● Work task
In the entries below, the lines from the one with "Minimalist Love Rice" through the one with "Engraved Name Plates" are to be copied exactly; both ends count.

● Data
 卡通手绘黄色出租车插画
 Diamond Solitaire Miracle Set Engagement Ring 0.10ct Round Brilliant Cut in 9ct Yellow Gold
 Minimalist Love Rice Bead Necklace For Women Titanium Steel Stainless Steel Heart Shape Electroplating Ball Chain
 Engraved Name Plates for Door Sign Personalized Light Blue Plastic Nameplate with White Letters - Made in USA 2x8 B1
---
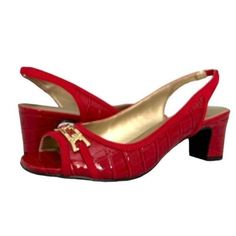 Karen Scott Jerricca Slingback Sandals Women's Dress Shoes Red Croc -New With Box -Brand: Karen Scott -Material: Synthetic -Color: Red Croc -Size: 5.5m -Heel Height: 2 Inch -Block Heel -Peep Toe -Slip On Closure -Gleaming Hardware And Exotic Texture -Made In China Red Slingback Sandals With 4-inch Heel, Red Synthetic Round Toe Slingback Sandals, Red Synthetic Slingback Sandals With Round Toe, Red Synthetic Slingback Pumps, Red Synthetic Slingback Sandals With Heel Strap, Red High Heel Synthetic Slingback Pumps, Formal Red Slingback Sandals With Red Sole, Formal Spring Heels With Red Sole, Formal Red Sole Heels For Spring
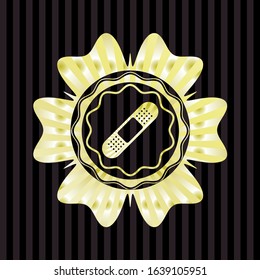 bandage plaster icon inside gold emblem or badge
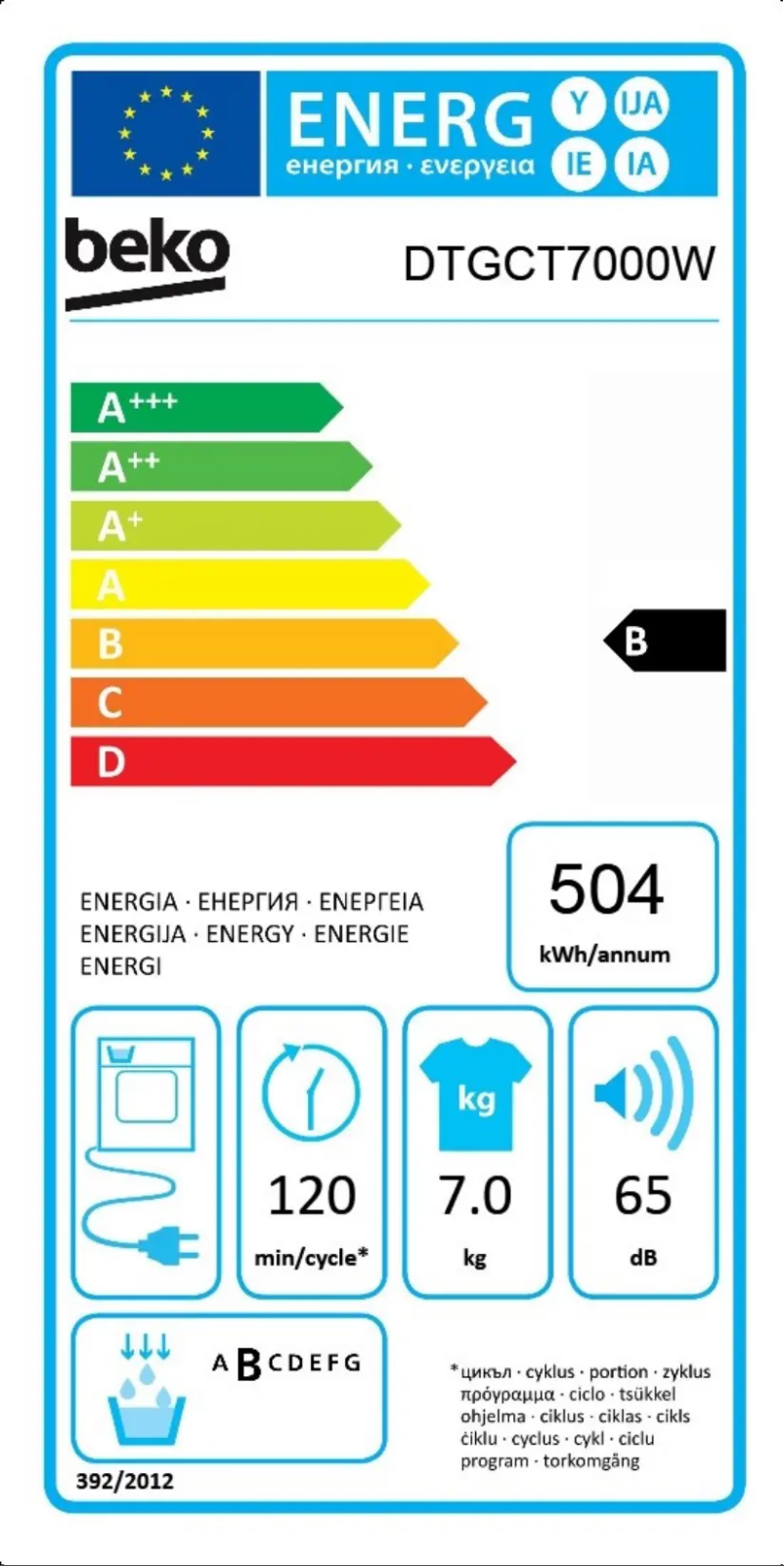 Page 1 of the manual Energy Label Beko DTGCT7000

● Response below
 Minimalist Love Rice Bead Necklace For Women Titanium Steel Stainless Steel Heart Shape Electroplating Ball Chain
 Engraved Name Plates for Door Sign Personalized Light Blue Plastic Nameplate with White Letters - Made in USA 2x8 B1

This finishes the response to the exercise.